The first pharmacies were known as places to “dispense poisons and pills.” This designation quickly changed to define a pharmacy as an establishment where general medical advice and services are offered. Most early pharmacies sold medicines formulated and mixed by the pharmacist as well as tobacco and “medicines” developed by charlatans. Early pharmacies were the precursors of modern sciences like chemistry and pharmacology. Today a pharmacy is often located within a larger retail establishment and the main purpose of the pharmacy is to store prescription medications and controlled substances.
A pharmacist works in a retail pharmacy and is the medical professional who dispenses medications according to orders or prescriptions written by medical professionals. Pharmacists are required to be knowledgeable about the chemistry of drugs, how they react in humans and how different medical chemical combinations interact with other formulations. Pharmacists are also charged with the responsibility to make sure patients do not take medications that are harmful and to educate patients on how, when and where to take mediations and let consumers know the possible side effects of medications.
Pharmacists are required to have a PharmD or a doctorate of Pharmacy in order to work in a pharmacy or any drug dispensing facility. Most pharmacy programs include chemistry, physics, biology, anatomy and physiology. At the end of the college career, potential pharmacists are required to work in clinical and pharmaceutical settings for up to two years. When you go to the pharmacy, know that the pharmacist behind the wall has taken up to eight years to complete a doctoral degree. Continuing education throughout a pharmacist’s career is a requirement of to keep a pharmacy license current. There are times when pharmacists make an error in judgment or fill a prescription wrong. If a pharmacist is found negligent, he or she may be liable for any damages and their license revoked.

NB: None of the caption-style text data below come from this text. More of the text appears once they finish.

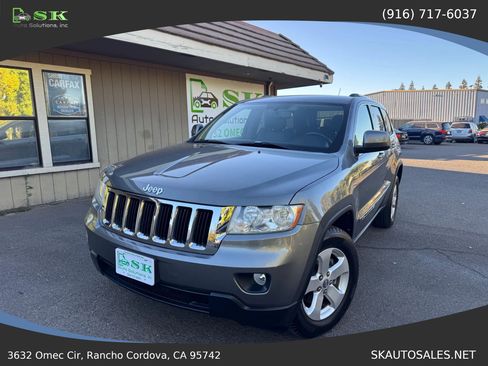 Used 2012 Jeep Grand Cherokee Laredo AWD/4WD image 2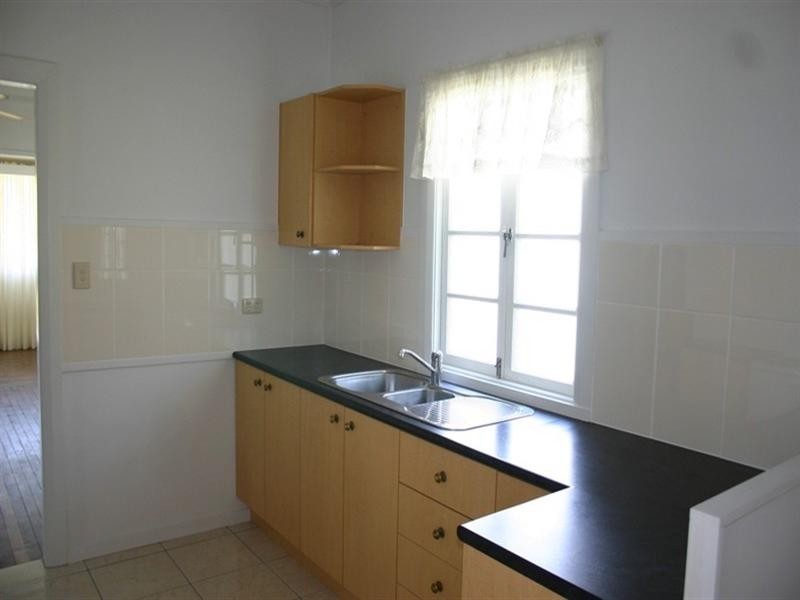 16 Chisholm Street, Stafford Heights QLD 4053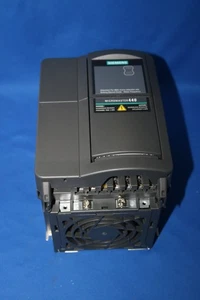 Siemens 6SE6440-2AB21-5BA1 MM440 umrichter 1,5 kW 230V MM 440 micromaster - Picture 1 of 7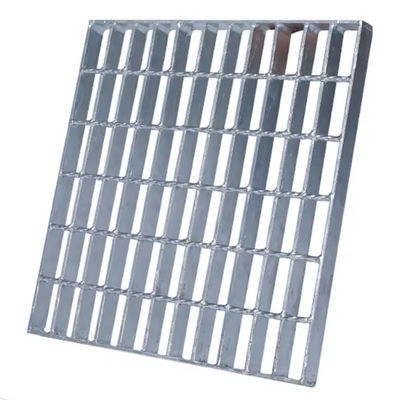 30*5mm Steel Grid Plate Drainage Covers Anti Slip Serrated Steel Walkway Grating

Pharmacists not only work in a pharmacy dispensing medications and advice but they can also teach pharmacology and do research in schools of pharmacy. Ambulatory pharmacists manage patients who are at risk for drug-related problems and help those with uncontrolled diseases. Pharmacists are usually the first and most frequently seen health care providers in rural areas and are highly visible in hospitals, care facilities and in geriatric homes.
If you want to know all about a particular medication, contact a pharmacist in a pharmacy. They can tell you all about a drug, the side effects, and the chemical composition, what good the medication does and if there are alternative drugs that may be more beneficial.